A previous post on this blog explored why it’s so hard to come up with a reliable measurement of the average lifespan of a webpage. In essence, the argument came down to this: links and the websites they represent tend to become decoupled over time. Without a broad understanding of how that process takes place, it’s hard to make definitive claims about the persistence of websites when available automated tools can only capably check for the persistence of links.
In an ideal web, webmasters would adhere to Tim Berners-Lee’s notion of “cool URIs” – links that have been purposely maintained so as to remain stable. Stable links are more useful to users, and it is technically feasible to maintain any particular link for at least the lifespan of the resource it points to. However, given both the popular perception of and the abundance of scholarly literature on link decay, it’s probably safe to say that Tim Berners-Lee’s vision for a cool URI-enabled web hasn’t yet been realized.

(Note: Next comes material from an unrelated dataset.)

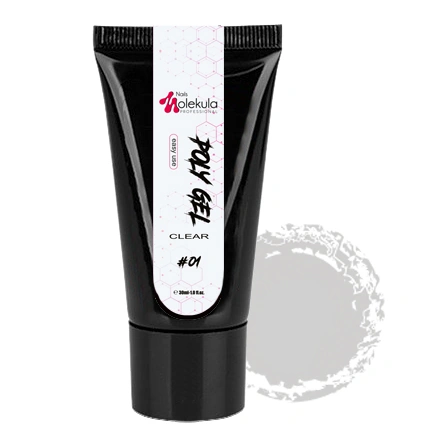 Полігель Molekula Poly Gel №01 Clear прозорий 30 мл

The good news is that websites are more durable than links. This is supported by multiple studies and makes intuitive sense, as well. The bad news is that most contemporary web archiving tools are actually link archiving tools; they are designed to agnostically capture and replay the content represented by links, not the intellectual objects (i.e., the websites) of interest per se. For the Library of Congress thematic web archives, we can only assure that the links we’re capturing continue to correspond to the websites we care about preserving by manually inspecting them on an ongoing basis.
To better understand the discrepancy between link and website persistence as well as the disposition of websites that we previously archived, intern Heidi Hernandez and I revisited 1,071 links archived as part of the U.S. Election 2002 web archive collection. We excluded over 1,000 links corresponding to electoral candidate websites, as they were especially short-lived. The remaining links corresponded to state government, political party, advocacy group, newspaper, and political blog sites.

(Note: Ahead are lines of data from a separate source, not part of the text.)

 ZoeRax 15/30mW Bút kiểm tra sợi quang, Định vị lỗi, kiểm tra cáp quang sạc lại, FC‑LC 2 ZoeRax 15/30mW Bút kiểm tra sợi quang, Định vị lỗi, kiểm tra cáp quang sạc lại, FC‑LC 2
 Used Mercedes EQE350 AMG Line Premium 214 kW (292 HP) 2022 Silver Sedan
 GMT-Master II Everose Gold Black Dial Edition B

We followed a two-part methodology. First, following the approach of many other link persistence studies, we ran the entire list of links through a link checker and recorded the http response codes (e.g., 404, 200, 301, 500, etc.). Second, we visited each of the links and noted whether the corresponding website was the same as that which was archived. If the website was different, or if the link didn’t work, we tried to discover the new location of the website using search engines.
There were a few noteworthy findings:
- Taking the link persistence measurement as a measurement of website persistence overestimated the latter, because some working links pointed to different websites. In our study, 8% of working links pointed to different websites.
- Taking the link persistence measurement as a measurement of website persistence also and more significantly underestimated website persistence, because websites often existed at new locations even if their previous link either no longer worked or now corresponded to a different website. In our study, 82% of websites associated with non-working links and 48% of websites whose links now corresponded to different websites still existed.
- In aggregate, 94% of the previously-archived websites still existed, 3% more than would’ve been predicted by checking links alone.
This last point should most certainly not be interpreted as a sign of the superfluity of web archiving; recall that over 1,000 links to now-disappeared websites were excluded from the analysis. Also consider, for example, that just because the White House website still exists eleven years after we archived it as part of the U.S. Election 2002 web archive collection doesn’t mean that any of the resources that made up the White House website of eleven years ago are still accessible now.
All-in-all, though, the results suggest a more complicated picture of the ephemeral web than the popular conception that tends to conflate the disappearance of links and that of websites.